### ASSIGNED TASK
The listing is to be reproduced exactly, excluding its pictures.

### DATA SECTION
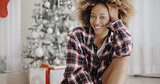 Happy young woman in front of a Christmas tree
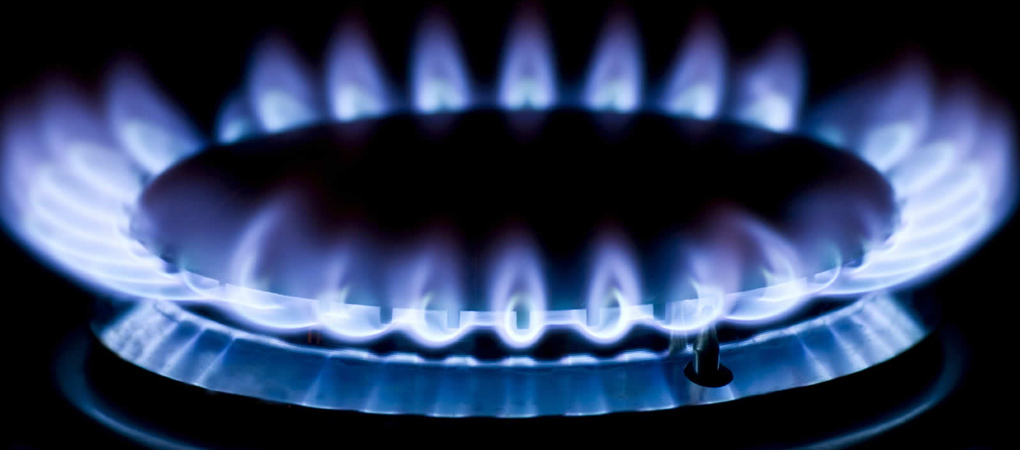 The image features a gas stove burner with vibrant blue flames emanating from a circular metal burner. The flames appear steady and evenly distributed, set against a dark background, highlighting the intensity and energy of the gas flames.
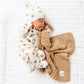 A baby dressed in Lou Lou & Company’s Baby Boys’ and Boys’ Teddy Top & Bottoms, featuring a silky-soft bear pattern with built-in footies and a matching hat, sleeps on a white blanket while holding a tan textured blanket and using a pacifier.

### ANSWER TO THE PROBLEM
 Happy young woman in front of a Christmas tree
 The image features a gas stove burner with vibrant blue flames emanating from a circular metal burner. The flames appear steady and evenly distributed, set against a dark background, highlighting the intensity and energy of the gas flames.
 A baby dressed in Lou Lou & Company’s Baby Boys’ and Boys’ Teddy Top & Bottoms, featuring a silky-soft bear pattern with built-in footies and a matching hat, sleeps on a white blanket while holding a tan textured blanket and using a pacifier.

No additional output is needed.